This is the first long bit of bike touring I’ve ever done so my thoughts on it are pretty basic and not that interesting – it’s great! I’m having a wonderful time!

What does intrigue me, however, are the people I’ve already met in just over two weeks who have arranged their lives to make this a recurring part of what they do and who they are.

I’m just beginning to come into contact with this subculture, and it is fascinating. Roger and I are between two worlds – when we meet people in the usual places such as bars, restaurants, motels, etc., they are (or profess to be) amazed, impressed, curious or interested. These kinds of interactions keep us anchored in the everyday world even as the longer we are out here the more “normal” our journey becomes (it’s curious how quickly we adapt to what become new routines).

When we are actually out on the road doing the ride rather than interacting with the denizens of a given place, we occasionally run into the long-haul serial bike tourers, who are up to something quite different.

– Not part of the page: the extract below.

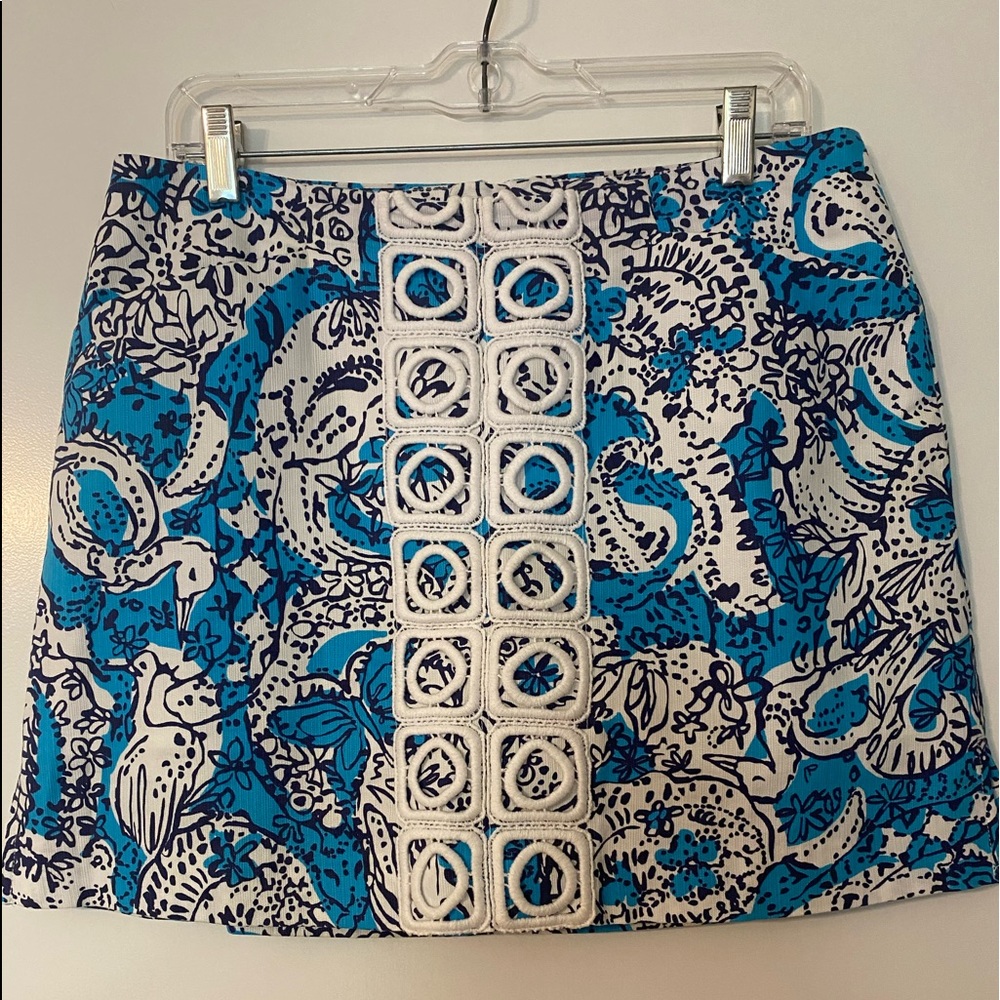 Lilly Pulitzer Marigold Skort in Ariel Blue.Perfect condition.Worn once/like new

Because it’s the only way it can be done time and time again, these folks are camping all or most of the time. They carry a daunting amount of gear and move slowly. They all appear to have near-zero percent body fat and seem like pilgrims crossing the land heeding a call few others hear.

Velocipedic Nomads

In my customarily cynical view about the interplay between the sport/exercise enthusiasms of Americans and the adaptive responses of consumer goods markets, it has long seemed to me that there is a fair portion of the buying public who, having the discretionary income, end up purchasing equipment that exceeds their skill level and actual need. We are all too easily convinced that a step up in the design and fabrication (and cost) of our equipment will boost our performance past where our natural ability lies. No doubt there is some truth to this – which helps account for the prevalence of the phenomenon – but mostly it’s a comfortable delusion that is the coin of the realm of a consumer society.

So one sees fads in biking such as a relative explosion in the numbers of would-be speedsters clocking along to their own TdF-inflected fantasies geared out and riding multi-thousand dollar carbon frame bikes – along sedate suburban bike paths.

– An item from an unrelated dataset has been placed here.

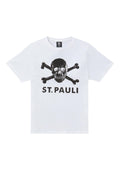 T-Shirt Totenkopf weiß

But then there are the bike tourers for whom the machine is a vehicle for months of travel across thousands of miles. The ones whom I have met to date seem hardy, resilient and cheerful, as one might expect, but there’s something else – and this is surely anecdotal (and perhaps simply flat out speculative on my part) – they have an interesting conversational style that seems predicated on a practiced familiarity with short-term intimacy.

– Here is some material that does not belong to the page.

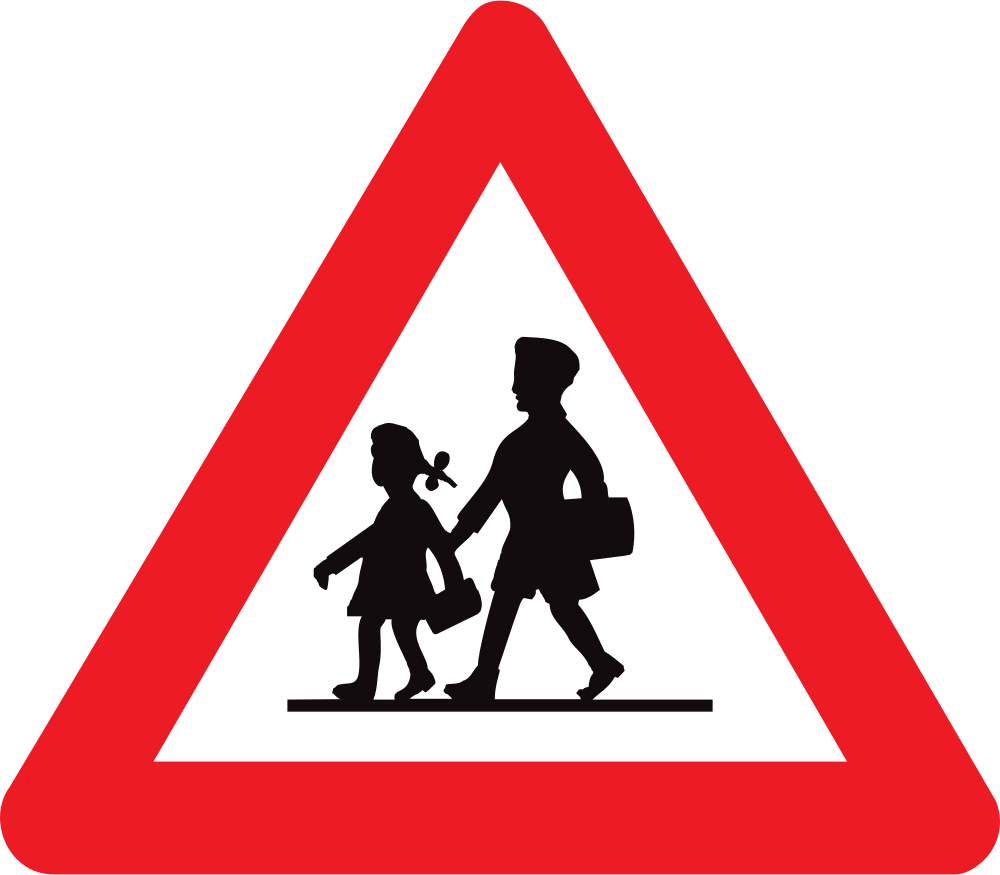 Warning for children.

Some of the conversation is simply rote, the way most conversation is among strangers. But I get the sense that they easily fall in with one another when they meet fellow long-haul riders, and this amiability, together with their own adventurous personalities and combined, I suppose, with the long hours of relative solitude, incline them to be ready partners in as free flowing a conversation as mutual interests admit.

So far, more often than not, the long haulers I have met have been from foreign shores, which may skew my perception toward a romantic/exotic exaggeration. But even so, it is fascinating – it is a mode of being that is rugged and gregarious and enticing.

Here is a picture of Jose and Linda, a delightful couple from a town (whose name I forget) along the coast south of Perth, Australia. Jose flew into LA and biked with some mates through part of California and southern Utah and met up with Linda in Denver. I met them on the Going-to-the-Sun road, and we ended up having a delightful chat over lunch at a cafe on the other side of the pass.